In 1988, we got the chance to prove our worth on the global stage when we were invited to China to play in the first FIFA-sanctioned world tournament for women, a competition that was pitched as a pilot World Cup. We hoped that if we performed well enough, FIFA would create a proper World Cup for women, which we all knew was of critical importance. It would mean global visibility, better programs and more funding for our national teams.

When we entered the stadium in Guangdong for our first match, it was packed with tens of thousands of spectators  — mostly school kids, sure, but real people nonetheless — and my heart was racing.

We were playing against Brazil, and when I came on as a substitute I was excited beyond words and terrified at the same time. Despite being the underdogs, we managed to pull off a 1–0 win. After that, we made it all the way to the quarterfinals before China knocked us out. We were disappointed to lose, but when we stepped off the field, we knew that we had been a part of something historic.

FIFA held the first Women’s World Cup three years later in China,  but Australia missed qualifying for the tournament on goal difference. In 1995 I didn’t get to play because I had a torn ACL. I was nearly 30 by then, and it ended my international career. Still, it was truly rewarding to travel with the team as an administrator and witness how far we’d come.
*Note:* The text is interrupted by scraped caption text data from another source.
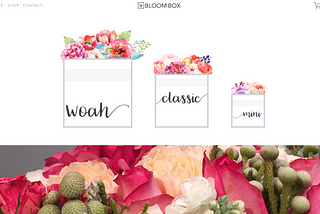 BloomBox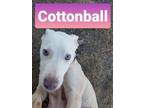 Adopt Cottonball a Pit Bull Terrier, Labrador Retriever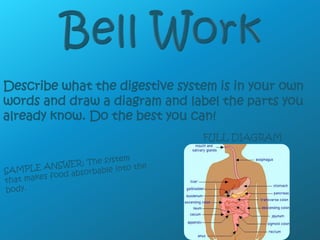 Bell Work Describe what the digestive system is in your own words and draw a diagram and label the parts you already know. Do the best you can! FULL DIAGRAM SAMPLE ANSWER: The system that makes food absorbable into the body.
It would be more than 10 years before my next big opportunity in football arrived. After graduating in law, I’d completed an MBA and had worked in law, media, telecommunications and consulting when I got the chance in 2007 to join the board of the governing body for football in Australia. Two years later I was the first woman elected as a vice-president of the Asian Football Confederation. In 2013, I was one of the first three women appointed to FIFA’s executive committee, working with the most influential people in the game during the most tumultuous period of FIFA’s history. Most importantly, I got to work on reforming the organization when the opportunity arose – especially around gender equality measures. I learned the value of our actions — and the impact of our collective purpose — when applied in the moments that matter. It’s a bit like football itself.

And like football, positions come and go, but your passion for the game has its own momentum.

Stuart Franklin/FIFA/Getty Images

Since football is played everywhere, this sport has the potential to do a lot of good in our society. No other sport has football’s convening power.

I see many good people in the world of football governance who are working hard to improve our sport and the community around it. But I’ve also seen others who have betrayed the game and the positions of trust that they held. I know from experience that political dysfunction, as well as outright corruption, can hinder the amount of good that can be accomplished.

Some of the recent scandals in football have done great damage to the legitimacy of the game’s governance. The damage is real. Our game, for so long the undisputed global king of team sports, now lives in a shadow of cynicism and mistrust.  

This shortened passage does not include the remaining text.